Born and raised in Philadelphia, Pindell was a figurative painter when she arrived in New Haven in 1965, after receiving her BFA from Boston University. She was still a figurative painter in 1967, when she moved to New York. By day, she worked at MoMA. By night, she painted. But this was not painting the way Josef Albers and her other Yale professors taught it. Her trademark tool was the hole puncher. She punched holes in manila folders, employed them as stencils, glued the punched-out chads to the canvas, and spray-painted on top. Encrusted with the layered circles, imbued with cat hair, glitter, talcum powder, and perfume, the unstretched, cut, and resewn canvases were like nothing anyone had seen, or smelled.

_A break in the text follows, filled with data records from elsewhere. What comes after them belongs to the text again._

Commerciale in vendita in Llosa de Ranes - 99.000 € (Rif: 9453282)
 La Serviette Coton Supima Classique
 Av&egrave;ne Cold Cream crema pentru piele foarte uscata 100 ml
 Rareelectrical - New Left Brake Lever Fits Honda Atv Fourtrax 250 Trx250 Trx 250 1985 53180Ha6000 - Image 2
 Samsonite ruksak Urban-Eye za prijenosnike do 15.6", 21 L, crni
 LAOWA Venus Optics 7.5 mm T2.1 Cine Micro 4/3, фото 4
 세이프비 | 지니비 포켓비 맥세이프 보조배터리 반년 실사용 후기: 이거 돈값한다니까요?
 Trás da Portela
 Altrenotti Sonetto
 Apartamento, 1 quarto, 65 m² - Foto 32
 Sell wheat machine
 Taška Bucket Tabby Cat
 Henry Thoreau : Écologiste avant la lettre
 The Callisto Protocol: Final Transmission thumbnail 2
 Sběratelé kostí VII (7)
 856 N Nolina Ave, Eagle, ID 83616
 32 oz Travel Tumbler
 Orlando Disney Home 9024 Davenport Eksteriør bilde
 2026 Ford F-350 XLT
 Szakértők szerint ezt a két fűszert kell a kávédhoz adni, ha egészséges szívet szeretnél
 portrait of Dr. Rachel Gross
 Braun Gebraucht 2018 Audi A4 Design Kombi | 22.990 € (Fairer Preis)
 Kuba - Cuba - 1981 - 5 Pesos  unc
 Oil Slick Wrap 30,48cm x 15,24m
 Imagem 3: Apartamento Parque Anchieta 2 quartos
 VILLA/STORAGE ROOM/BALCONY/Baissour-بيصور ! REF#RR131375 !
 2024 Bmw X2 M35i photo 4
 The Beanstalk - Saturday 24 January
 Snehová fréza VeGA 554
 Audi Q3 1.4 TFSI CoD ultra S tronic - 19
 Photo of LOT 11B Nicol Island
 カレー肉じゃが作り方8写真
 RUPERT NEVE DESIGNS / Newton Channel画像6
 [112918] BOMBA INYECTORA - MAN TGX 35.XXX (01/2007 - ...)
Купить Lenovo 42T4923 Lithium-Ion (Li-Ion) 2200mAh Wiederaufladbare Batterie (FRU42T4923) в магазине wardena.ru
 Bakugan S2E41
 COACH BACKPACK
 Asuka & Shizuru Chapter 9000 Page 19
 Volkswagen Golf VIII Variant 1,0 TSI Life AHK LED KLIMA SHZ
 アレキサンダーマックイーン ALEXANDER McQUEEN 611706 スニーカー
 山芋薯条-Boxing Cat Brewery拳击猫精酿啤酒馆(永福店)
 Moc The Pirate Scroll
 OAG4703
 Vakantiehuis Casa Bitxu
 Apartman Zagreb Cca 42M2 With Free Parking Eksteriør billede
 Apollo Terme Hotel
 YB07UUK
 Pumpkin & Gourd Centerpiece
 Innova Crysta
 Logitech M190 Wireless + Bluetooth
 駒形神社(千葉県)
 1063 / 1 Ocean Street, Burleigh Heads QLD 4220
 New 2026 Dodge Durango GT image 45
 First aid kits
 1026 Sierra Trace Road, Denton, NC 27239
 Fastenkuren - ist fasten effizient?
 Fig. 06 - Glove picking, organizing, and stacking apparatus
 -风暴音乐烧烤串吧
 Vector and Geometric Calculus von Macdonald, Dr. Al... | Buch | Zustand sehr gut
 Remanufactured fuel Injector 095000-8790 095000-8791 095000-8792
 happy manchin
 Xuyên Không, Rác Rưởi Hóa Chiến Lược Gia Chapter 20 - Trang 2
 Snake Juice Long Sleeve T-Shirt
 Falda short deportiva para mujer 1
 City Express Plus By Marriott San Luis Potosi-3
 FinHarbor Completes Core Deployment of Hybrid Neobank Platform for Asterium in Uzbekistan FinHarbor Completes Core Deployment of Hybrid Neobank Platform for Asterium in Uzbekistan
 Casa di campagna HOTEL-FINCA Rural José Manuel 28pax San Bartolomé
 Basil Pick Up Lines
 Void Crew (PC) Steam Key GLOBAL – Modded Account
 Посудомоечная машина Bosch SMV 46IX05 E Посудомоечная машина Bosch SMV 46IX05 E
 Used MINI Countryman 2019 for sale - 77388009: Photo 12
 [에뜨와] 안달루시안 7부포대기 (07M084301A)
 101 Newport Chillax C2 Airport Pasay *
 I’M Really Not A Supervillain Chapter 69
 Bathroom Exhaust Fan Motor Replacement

Pindell’s labor-intensive process evokes women’s work and craft, a direct challenge to mainstream art trends in the 1970s. Her layered, stitched canvases channel Indian patterns, African textiles, Andean weavings, social and political issues, her multicultural ancestry, and her personal and physical traumas. All of this is current practice now, but at the time, Pindell’s dazzling canvases were considered politically irrelevant, even in the Black activist community, where artists were expected to share clear political messages in their work. The director of the Studio Museum in Harlem is said to have told Pindell to “go downtown and show with the white boys.”

In many feminist and alternative spaces, Pindell’s calls for reflection on diversity and inclusion were rebuffed. “I was told I was jealous because I noticed and talked about it,” she recalled in her essay on Free, White, and 21, her notorious 1980 video satirizing the hypocrisy of white feminists. In the 12-minute work, she plays herself, the Artist, recounting personal experiences of anti-Black racism. She also appears in whiteface and blond wig as White Woman, who denies the artist’s experience. “You ungrateful little . . . ,” the woman says. “After all we have done for you.” For many years Pindell had trouble showing the piece in museums. Now it is considered a seminal work of video art.

While she was completing Rope/Fire/Water this summer, events showed why the five-decade-old concept remains so painfully timely. As a coda to the video, she added names of people who had been killed by vigilantes or the police in the last five years. Says Wilford, “It feels like a warning and a rallying cry.”